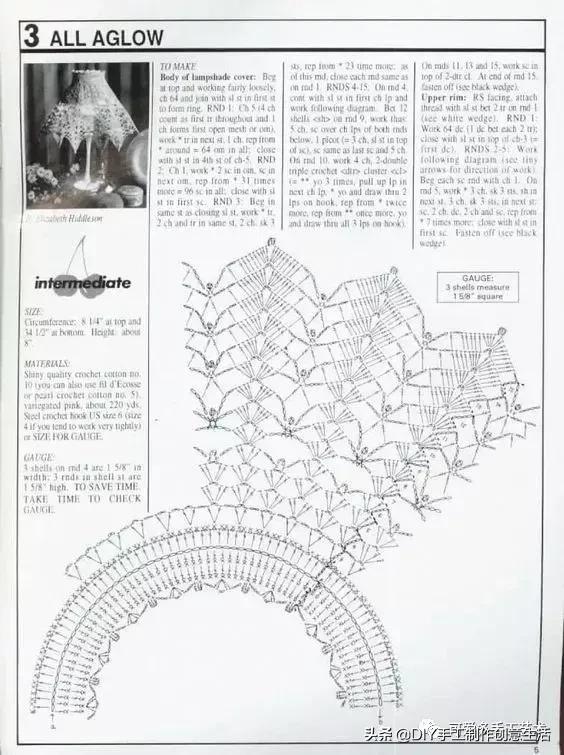 纸杯灯罩华丽大变身,如何做个简单而又创意灯罩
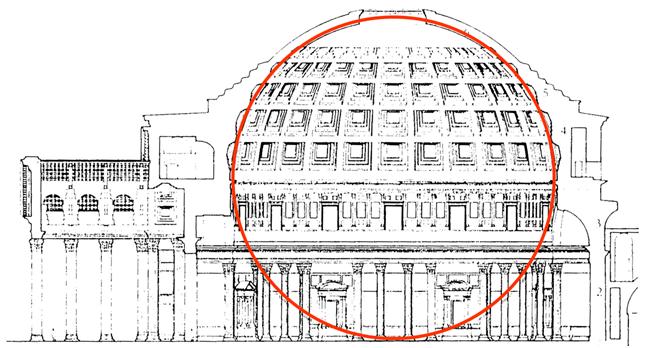 Пантеон в риме схема плана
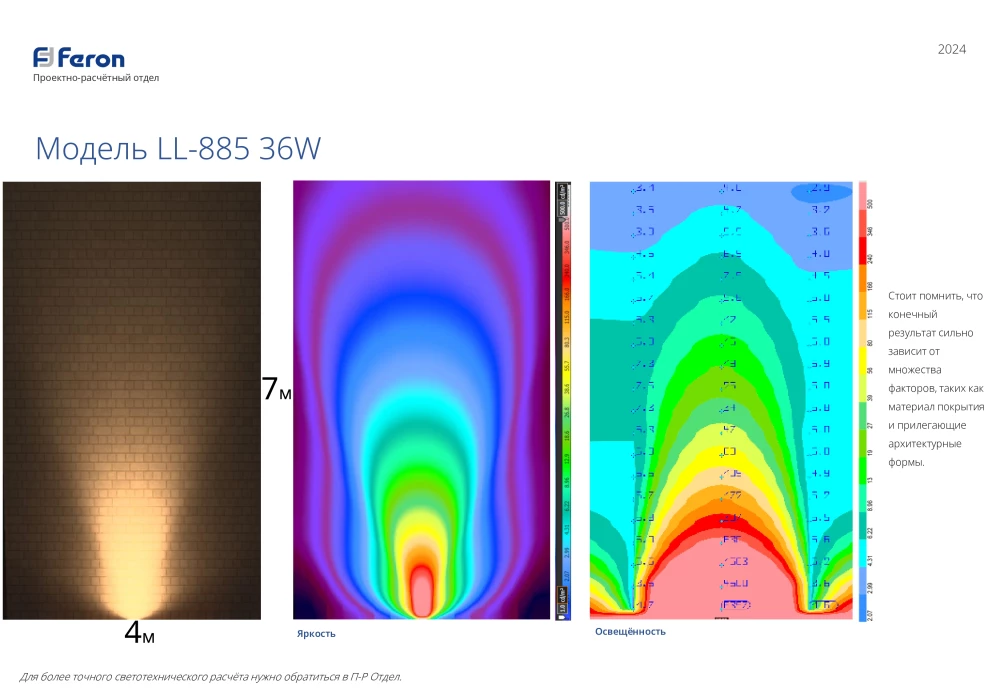 Светодиодный светильник ландшафтно-архитектурный Feron LL-885  85-265V 36W 6400K IP65 (32147) - Viokon.com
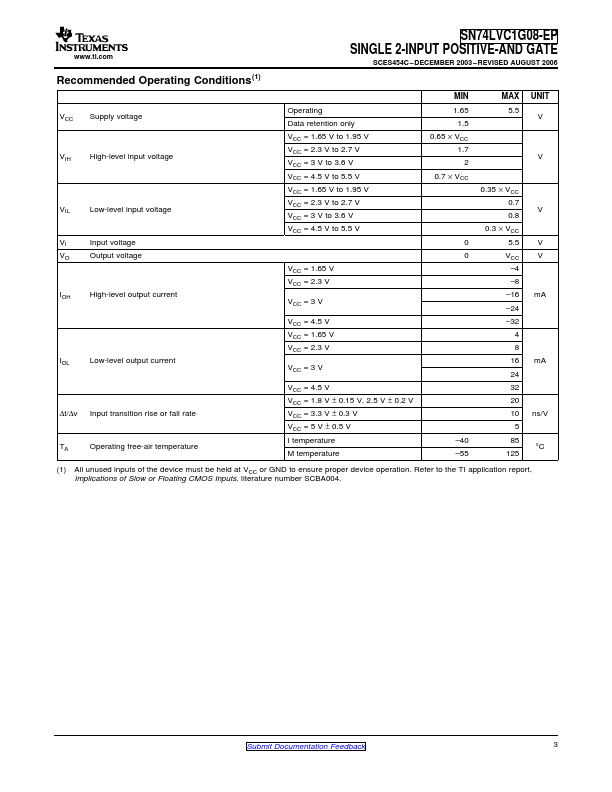 SN74LVC1G08-EP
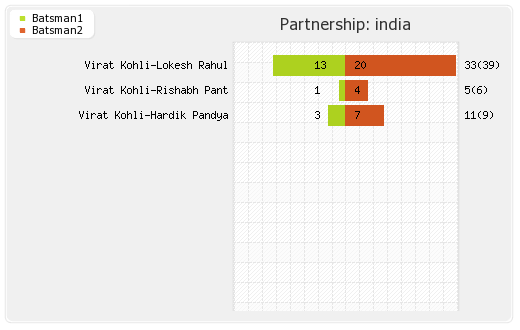India vs Sri Lanka 44th Match Partnerships Graph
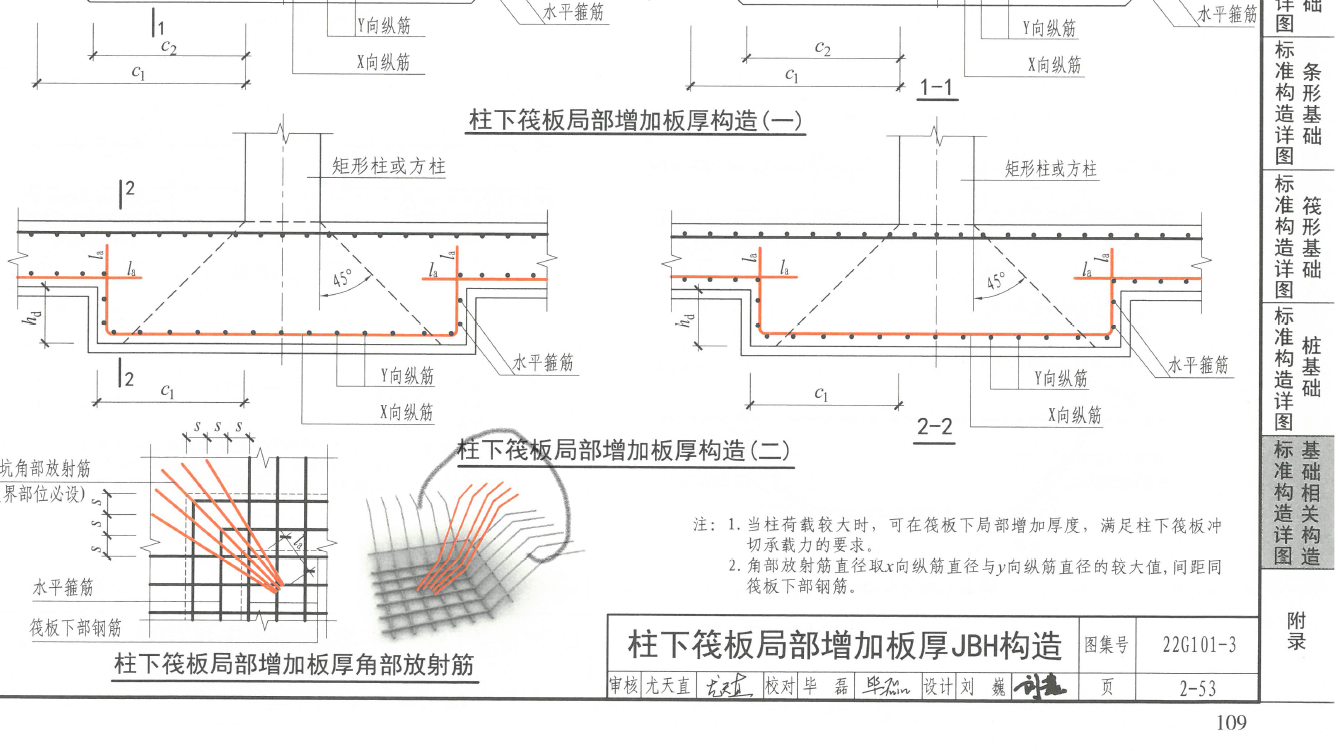 间距怎么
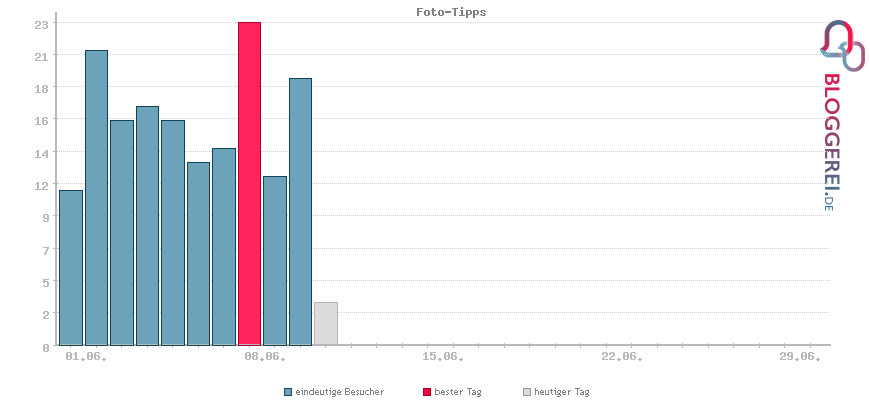 Besucherstatistiken von Foto-Tipps
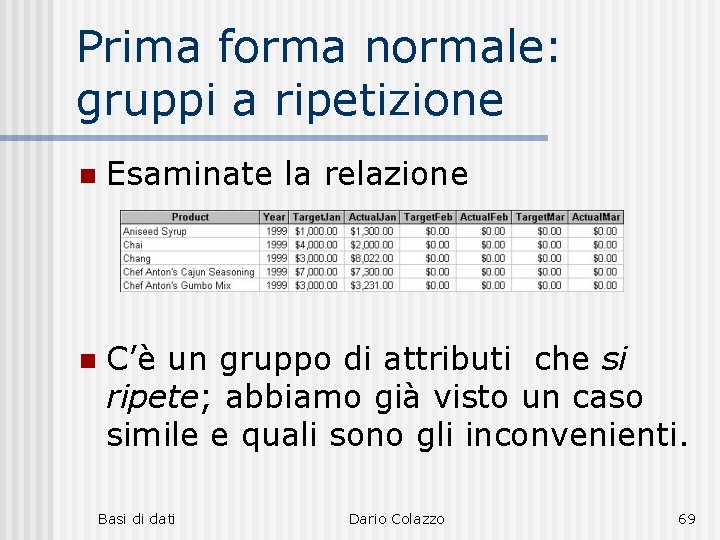 Prima forma normale: gruppi a ripetizione n Esaminate la relazione n C’è un gruppo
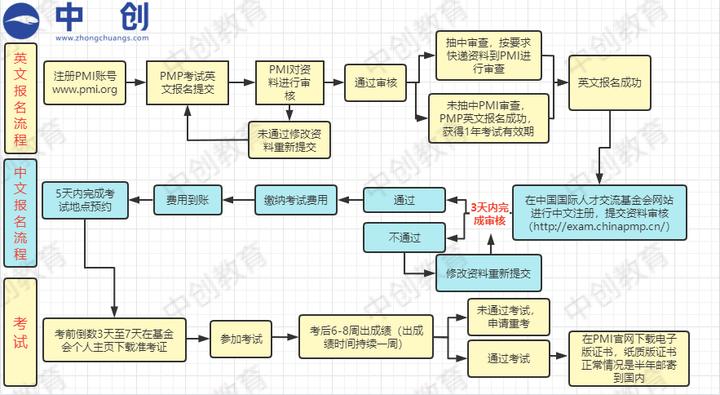 青岛考pmp报考费用,pmp项目管理考试费用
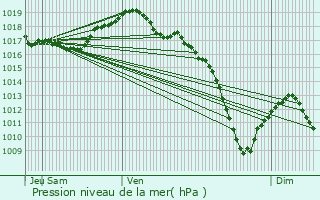 Graphe de la pression atmosphrique prvue pour Hochstett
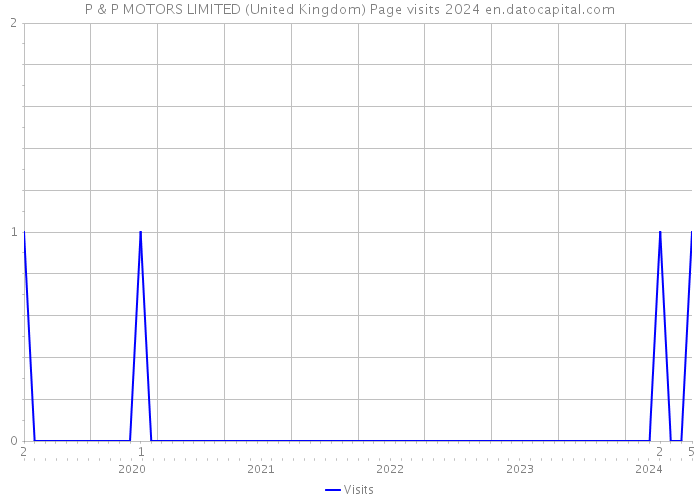 P & P MOTORS LIMITED (United Kingdom) Page visits 2024 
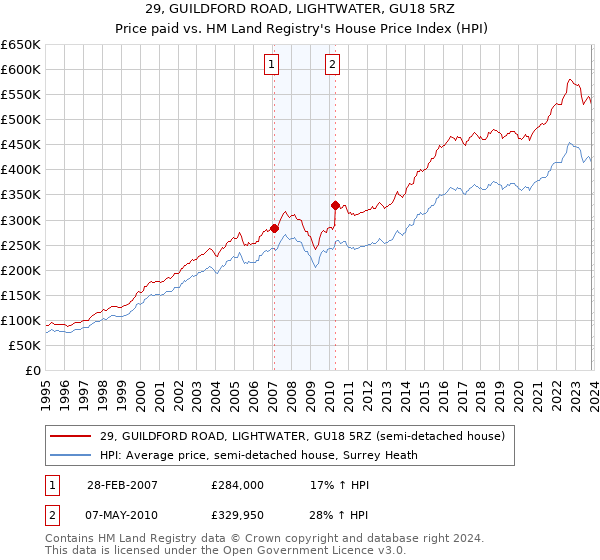 29, GUILDFORD ROAD, LIGHTWATER, GU18 5RZ: Price paid vs HM Land Registry's House Price Index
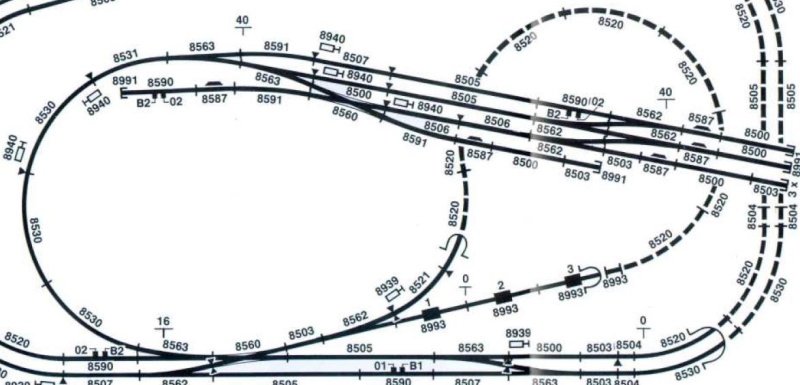 Boucle de retournement automatique par le rail 8947 Prints43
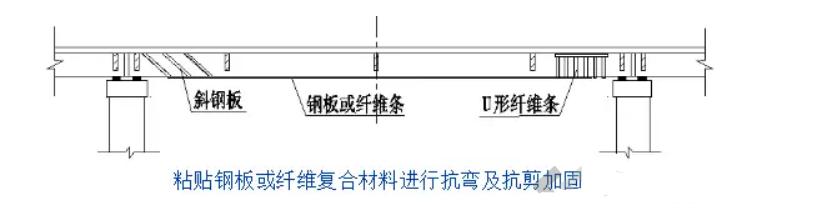 用事實說話!橋梁加固的重要意義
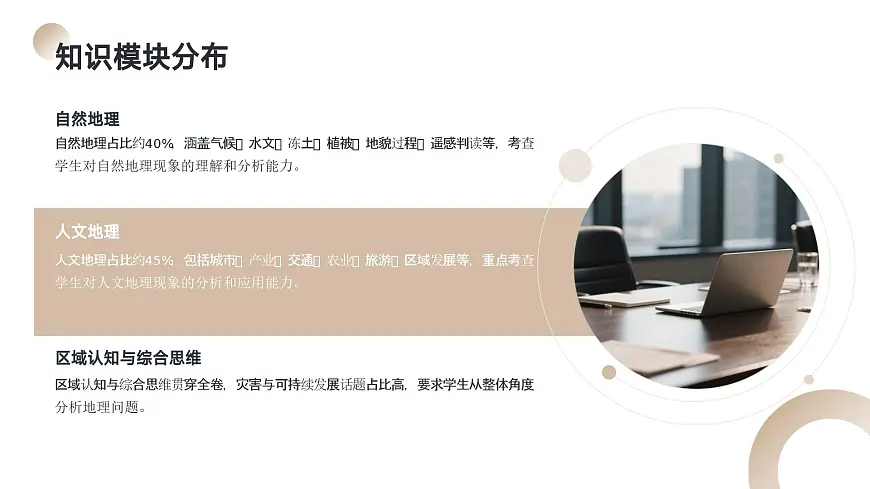 2025年高考地理真题完全解读（四川卷）课件PPT第5页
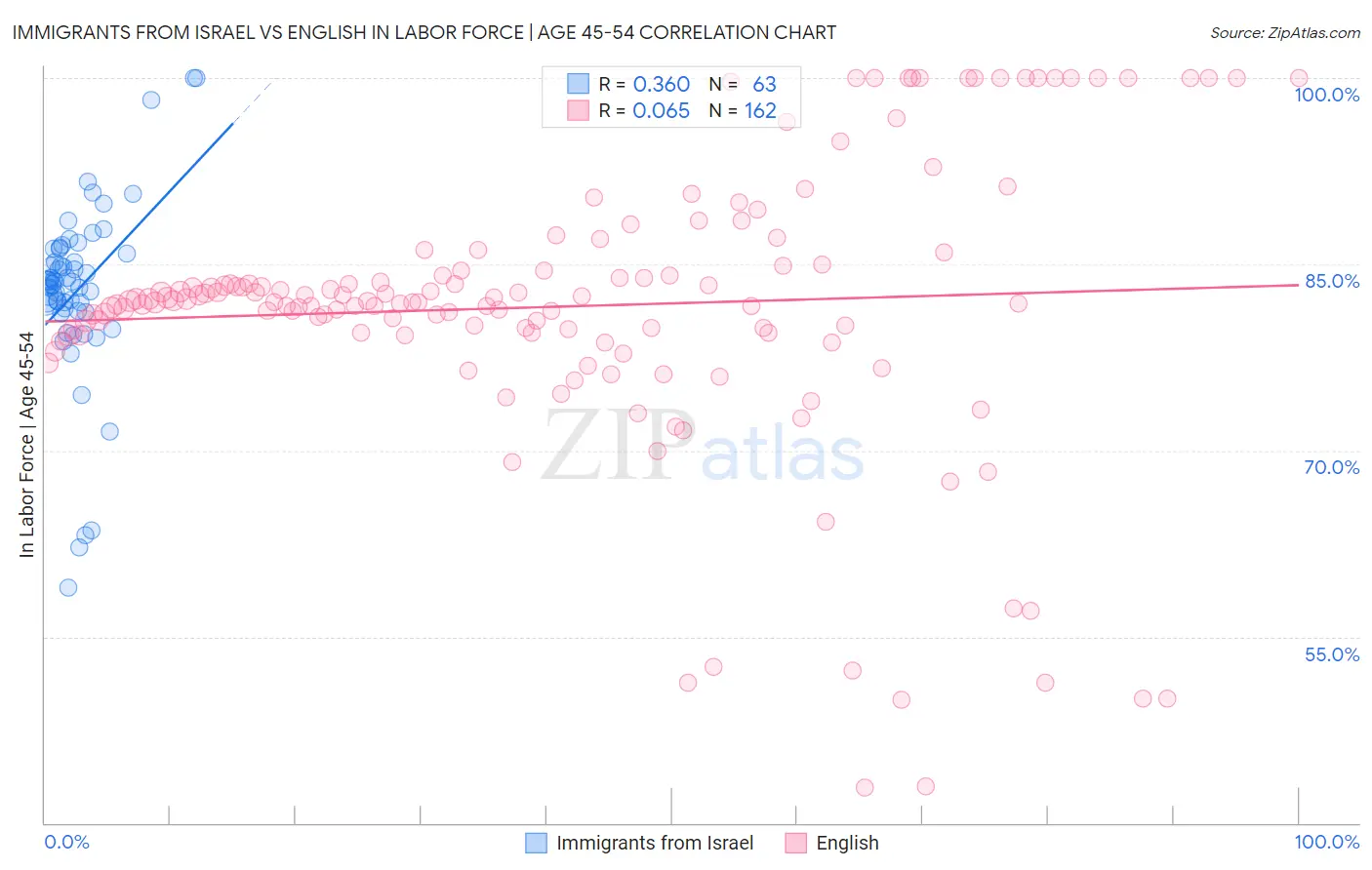 Immigrants from Israel vs English In Labor Force | Age 45-54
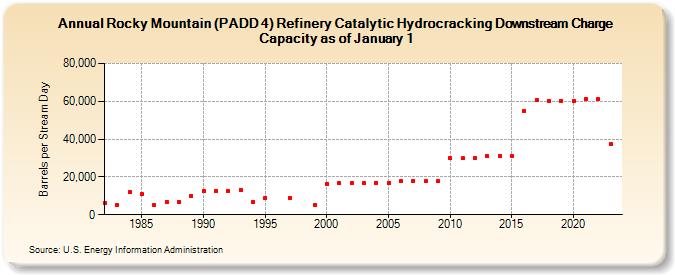 Rocky Mountain (PADD 4) Refinery Catalytic Hydrocracking Downstream Charge Capacity as of January 1 (Barrels per Stream Day)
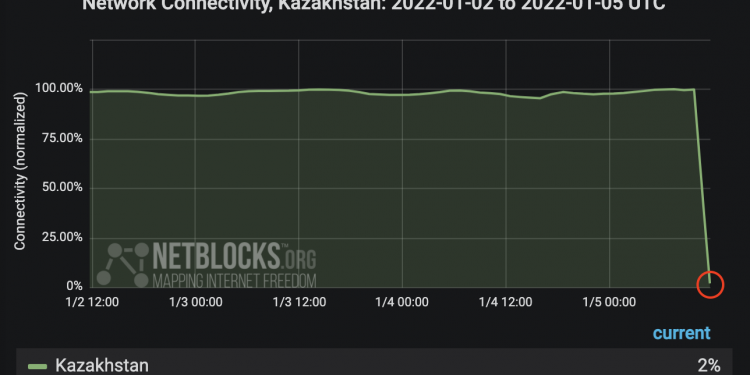 Kazakistan’da Protestolar Sürerken, İnternet Kesildi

_Task description_. Write back the stretch of lines above that begins with the line holding "P & P MOTORS" and ends with the line holding "Immigrants from Israel", both included, exactly as written. Pictures stay out.

_Expected answer_.
 P & P MOTORS LIMITED (United Kingdom) Page visits 2024 
 29, GUILDFORD ROAD, LIGHTWATER, GU18 5RZ: Price paid vs HM Land Registry's House Price Index
 Boucle de retournement automatique par le rail 8947 Prints43
 用事實說話!橋梁加固的重要意義
 2025年高考地理真题完全解读（四川卷）课件PPT第5页
 Immigrants from Israel vs English In Labor Force | Age 45-54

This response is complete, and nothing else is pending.